In investigating that most ritualistic of dishes, the Ortolan Bunting, I happened upon the tale Le Duc de l’Omelette by Edgar Allen-Poe.  An extraordinary tale, in which Duke Omelette’s vanity is wounded when the dish is not prepared as should be.

As an aside, and so that the same does not occur for you, I shall elaborate here on the etiquette of eating an Ortolan Bunting:

The Ortolan Bunting, Emberiza Hortulana, is fattened to four times its own size, then drowned in burning Armagnac for eight minutes. To eat the tiny bird, one covers one’s head with a linen shroud, to keep in the aroma and to hide the appalling act from God.  The head dangling from between the lips, one gorges on the whole bird, lungs, heart and bones.

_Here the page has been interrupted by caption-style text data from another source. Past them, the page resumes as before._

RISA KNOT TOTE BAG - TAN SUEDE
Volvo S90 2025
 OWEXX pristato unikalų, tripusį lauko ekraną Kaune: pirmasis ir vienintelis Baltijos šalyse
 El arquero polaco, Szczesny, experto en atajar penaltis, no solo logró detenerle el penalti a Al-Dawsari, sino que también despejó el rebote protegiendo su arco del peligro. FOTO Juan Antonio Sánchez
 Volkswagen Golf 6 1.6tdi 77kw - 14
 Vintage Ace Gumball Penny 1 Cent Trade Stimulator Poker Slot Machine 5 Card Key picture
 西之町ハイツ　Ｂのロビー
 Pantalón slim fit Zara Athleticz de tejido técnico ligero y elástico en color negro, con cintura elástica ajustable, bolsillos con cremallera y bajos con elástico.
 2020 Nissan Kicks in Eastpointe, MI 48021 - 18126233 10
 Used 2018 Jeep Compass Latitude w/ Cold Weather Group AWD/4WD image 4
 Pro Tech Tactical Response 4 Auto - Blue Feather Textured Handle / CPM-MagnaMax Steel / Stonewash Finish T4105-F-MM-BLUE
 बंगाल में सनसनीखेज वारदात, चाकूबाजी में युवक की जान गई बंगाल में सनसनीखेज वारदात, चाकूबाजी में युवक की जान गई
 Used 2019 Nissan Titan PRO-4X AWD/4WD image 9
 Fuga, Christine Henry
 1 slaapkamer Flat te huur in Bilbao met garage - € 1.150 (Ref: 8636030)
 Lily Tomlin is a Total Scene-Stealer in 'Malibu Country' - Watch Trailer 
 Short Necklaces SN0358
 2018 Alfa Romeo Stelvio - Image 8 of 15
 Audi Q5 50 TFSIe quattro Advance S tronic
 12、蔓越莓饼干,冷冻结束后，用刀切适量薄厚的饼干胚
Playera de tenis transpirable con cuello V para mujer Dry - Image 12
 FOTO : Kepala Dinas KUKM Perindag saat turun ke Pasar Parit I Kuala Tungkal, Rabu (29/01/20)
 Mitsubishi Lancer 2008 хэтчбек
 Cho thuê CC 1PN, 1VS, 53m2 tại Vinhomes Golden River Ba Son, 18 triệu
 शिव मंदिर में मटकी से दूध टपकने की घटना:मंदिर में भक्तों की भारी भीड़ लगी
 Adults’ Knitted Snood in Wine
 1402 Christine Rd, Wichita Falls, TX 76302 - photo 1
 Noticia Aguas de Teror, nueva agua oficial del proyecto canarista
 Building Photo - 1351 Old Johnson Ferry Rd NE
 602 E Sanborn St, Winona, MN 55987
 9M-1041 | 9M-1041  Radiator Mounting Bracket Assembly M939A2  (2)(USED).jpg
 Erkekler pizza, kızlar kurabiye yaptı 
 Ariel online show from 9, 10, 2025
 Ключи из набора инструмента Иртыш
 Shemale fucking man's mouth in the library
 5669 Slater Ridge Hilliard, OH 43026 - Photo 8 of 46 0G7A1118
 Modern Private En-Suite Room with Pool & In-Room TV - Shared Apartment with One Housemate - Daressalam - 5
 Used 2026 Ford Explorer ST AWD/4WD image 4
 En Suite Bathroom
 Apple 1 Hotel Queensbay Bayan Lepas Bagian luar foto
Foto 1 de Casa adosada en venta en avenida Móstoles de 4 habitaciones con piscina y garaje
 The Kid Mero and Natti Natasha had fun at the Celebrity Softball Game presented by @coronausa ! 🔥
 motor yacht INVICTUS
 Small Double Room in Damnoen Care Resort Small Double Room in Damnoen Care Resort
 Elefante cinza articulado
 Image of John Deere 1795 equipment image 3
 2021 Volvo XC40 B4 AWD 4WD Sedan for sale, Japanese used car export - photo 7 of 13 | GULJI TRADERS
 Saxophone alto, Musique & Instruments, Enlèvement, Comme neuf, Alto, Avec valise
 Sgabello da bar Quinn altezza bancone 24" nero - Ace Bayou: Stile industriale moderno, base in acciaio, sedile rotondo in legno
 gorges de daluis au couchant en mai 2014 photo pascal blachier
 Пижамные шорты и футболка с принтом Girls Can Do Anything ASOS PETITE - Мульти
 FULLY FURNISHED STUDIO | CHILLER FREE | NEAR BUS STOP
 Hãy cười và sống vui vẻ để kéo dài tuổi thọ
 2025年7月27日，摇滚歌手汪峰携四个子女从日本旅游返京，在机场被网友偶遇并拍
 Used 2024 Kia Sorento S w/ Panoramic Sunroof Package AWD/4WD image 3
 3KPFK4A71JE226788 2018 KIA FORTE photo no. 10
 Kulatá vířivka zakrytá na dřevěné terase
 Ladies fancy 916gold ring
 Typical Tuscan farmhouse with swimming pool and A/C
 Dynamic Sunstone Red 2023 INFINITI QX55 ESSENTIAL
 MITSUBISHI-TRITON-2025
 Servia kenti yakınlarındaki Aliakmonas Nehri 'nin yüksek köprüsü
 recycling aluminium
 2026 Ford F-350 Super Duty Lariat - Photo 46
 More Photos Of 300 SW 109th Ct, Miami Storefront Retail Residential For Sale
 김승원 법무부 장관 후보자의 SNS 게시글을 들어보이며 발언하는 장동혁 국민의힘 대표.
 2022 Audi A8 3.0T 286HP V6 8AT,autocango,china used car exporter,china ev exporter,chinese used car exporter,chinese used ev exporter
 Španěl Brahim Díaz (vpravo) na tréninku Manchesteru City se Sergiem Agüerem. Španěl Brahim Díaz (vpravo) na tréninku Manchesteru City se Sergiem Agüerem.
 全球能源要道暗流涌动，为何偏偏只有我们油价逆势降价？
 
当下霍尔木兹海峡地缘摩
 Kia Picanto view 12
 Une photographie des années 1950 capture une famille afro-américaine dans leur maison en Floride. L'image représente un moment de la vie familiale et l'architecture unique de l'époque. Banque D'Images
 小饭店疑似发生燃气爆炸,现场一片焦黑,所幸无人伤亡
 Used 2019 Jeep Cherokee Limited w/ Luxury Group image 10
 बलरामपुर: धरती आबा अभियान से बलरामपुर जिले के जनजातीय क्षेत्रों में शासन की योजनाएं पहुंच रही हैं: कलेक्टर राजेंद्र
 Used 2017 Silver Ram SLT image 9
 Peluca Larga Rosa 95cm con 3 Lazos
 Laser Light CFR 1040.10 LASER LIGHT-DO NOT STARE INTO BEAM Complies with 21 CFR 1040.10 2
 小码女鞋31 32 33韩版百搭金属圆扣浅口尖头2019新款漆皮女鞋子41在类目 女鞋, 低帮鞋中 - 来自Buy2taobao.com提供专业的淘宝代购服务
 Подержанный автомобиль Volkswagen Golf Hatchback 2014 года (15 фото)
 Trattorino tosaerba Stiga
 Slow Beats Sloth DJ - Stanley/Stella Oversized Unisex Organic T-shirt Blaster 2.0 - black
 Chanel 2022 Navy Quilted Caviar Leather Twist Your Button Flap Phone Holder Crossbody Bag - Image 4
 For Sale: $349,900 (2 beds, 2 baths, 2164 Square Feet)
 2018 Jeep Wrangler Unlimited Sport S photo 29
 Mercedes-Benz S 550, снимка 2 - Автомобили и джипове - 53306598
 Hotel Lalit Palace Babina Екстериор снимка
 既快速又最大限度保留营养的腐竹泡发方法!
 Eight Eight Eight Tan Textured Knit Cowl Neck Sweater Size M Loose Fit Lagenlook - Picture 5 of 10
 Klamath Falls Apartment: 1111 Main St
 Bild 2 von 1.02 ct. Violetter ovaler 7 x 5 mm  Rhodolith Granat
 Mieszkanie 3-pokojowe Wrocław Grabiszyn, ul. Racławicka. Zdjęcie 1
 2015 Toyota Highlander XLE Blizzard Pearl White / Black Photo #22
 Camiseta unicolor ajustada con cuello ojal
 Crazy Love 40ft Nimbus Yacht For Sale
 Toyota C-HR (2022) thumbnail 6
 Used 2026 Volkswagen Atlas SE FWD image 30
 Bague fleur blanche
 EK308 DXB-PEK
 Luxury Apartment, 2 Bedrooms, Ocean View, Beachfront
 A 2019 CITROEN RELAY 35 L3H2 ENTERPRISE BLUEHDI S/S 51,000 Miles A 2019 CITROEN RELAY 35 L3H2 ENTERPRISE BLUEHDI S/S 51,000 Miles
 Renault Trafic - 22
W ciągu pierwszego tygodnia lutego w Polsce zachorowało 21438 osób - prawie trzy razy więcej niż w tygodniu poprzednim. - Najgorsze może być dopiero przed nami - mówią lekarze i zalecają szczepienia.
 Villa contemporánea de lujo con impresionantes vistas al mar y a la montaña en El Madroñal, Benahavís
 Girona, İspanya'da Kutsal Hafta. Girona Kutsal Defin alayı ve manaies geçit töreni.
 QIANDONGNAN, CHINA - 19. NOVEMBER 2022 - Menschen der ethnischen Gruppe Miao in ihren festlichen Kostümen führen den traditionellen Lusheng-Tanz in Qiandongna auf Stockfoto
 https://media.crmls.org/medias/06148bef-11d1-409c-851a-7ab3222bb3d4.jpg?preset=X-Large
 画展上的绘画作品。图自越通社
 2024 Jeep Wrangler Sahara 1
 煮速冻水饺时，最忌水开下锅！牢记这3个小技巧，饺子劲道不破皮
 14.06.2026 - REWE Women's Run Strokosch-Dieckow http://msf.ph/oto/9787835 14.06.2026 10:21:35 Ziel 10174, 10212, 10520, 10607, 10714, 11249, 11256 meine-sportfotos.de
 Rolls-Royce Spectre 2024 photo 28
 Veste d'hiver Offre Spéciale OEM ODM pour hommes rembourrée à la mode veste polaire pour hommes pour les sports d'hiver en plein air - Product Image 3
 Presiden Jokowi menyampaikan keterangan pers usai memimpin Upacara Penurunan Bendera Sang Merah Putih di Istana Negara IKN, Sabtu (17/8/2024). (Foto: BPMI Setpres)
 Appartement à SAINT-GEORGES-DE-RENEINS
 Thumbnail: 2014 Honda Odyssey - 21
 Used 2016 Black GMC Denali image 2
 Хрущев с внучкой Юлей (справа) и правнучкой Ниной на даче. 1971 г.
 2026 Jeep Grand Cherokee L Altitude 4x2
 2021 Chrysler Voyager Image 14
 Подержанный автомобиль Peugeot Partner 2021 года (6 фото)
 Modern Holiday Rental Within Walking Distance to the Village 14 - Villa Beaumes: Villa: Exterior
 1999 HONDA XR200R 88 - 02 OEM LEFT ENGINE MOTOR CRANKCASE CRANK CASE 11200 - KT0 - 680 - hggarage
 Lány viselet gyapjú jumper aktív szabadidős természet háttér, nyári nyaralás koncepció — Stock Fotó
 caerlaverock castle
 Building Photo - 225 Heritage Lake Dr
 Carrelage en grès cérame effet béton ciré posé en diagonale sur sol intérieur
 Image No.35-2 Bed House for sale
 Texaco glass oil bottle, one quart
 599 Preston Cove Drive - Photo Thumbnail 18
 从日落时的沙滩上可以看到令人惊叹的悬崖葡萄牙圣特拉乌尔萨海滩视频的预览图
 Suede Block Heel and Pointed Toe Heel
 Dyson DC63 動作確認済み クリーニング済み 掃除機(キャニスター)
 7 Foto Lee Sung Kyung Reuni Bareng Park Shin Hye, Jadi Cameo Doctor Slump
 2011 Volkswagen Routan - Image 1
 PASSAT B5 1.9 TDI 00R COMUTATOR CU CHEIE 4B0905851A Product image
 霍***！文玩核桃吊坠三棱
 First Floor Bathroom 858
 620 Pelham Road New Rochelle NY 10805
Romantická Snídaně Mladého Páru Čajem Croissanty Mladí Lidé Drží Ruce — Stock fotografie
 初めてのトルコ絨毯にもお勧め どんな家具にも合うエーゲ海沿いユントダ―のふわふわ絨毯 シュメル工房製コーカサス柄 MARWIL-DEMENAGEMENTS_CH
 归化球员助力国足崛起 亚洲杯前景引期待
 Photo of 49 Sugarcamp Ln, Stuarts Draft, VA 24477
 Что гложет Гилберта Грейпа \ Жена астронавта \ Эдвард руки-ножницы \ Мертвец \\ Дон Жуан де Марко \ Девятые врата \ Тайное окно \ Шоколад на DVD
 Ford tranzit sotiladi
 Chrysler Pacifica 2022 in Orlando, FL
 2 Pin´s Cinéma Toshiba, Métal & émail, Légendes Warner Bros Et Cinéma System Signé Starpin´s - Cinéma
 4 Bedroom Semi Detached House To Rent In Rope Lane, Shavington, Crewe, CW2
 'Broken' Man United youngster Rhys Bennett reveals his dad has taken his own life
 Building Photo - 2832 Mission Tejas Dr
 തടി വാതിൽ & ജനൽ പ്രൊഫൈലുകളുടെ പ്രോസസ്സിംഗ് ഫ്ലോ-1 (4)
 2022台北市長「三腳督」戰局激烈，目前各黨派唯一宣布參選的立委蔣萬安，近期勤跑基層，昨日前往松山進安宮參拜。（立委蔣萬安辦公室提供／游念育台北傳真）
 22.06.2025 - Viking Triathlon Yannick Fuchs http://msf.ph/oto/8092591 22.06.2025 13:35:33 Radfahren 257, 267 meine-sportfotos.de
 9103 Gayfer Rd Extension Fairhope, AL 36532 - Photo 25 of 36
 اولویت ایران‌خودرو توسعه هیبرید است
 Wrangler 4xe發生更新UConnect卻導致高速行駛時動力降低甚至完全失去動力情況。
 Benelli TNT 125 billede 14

Despite the extant foody members of the literati, or vice-versa, food-writing, as per the likely ordering of a bookshop, is low down the literary hierarchy.  In parentheses, I cannot fail to notice that whilst “bookish” suggest highbrow and even charmingly raffish, the term “foody” has a vaguely illiterate nuance about it. While Travel-Writing, which gained in reputation with the erudite travelogues of Patrick Leigh Fermor, the haunting writings of W. G. Sebald walking the length of the Norfolk coast in The Rings of Saturn and Rebecca West’s magnum opus Black Lamb, Grey Falcon, charting the contemporary history of the Balkans, is recognised to having some literary substance.  Food writing is denigrated to the “Cookery” section.  The odd book with an auto-biographical lend, such as Nigel Slater’s Toast might make it across to the Biography section.  But, in the majority of cases it is considered a lesser-form it is the chick-lit or worse of the Bookshop.

All this to simply interpolate whether in fact food-writing, now being revived and employed by the very best, could perhaps offer a framework, a sort-of straight-jacket in which the most elaborate literary fictions, the most marvellous concoctions of words could come to life.   I understand food to be one of our most vital acts of communion, a meeting of the outer world with the inner.  Quotidian it may be, mundane even, and the fact that we cannot do without seemingly renders it of the least profound of acts, but the very same reasoning recognises food as a subject that both reflects our interior psychological states and, more generally, contemporary society and politics.  As yet burgeoning, the art of food-writing is a literary art striving to find its form…

And of course, if good dinner-party conversation does not arise, a hindrance Borges is not so mindful of, good food offers a handy cue.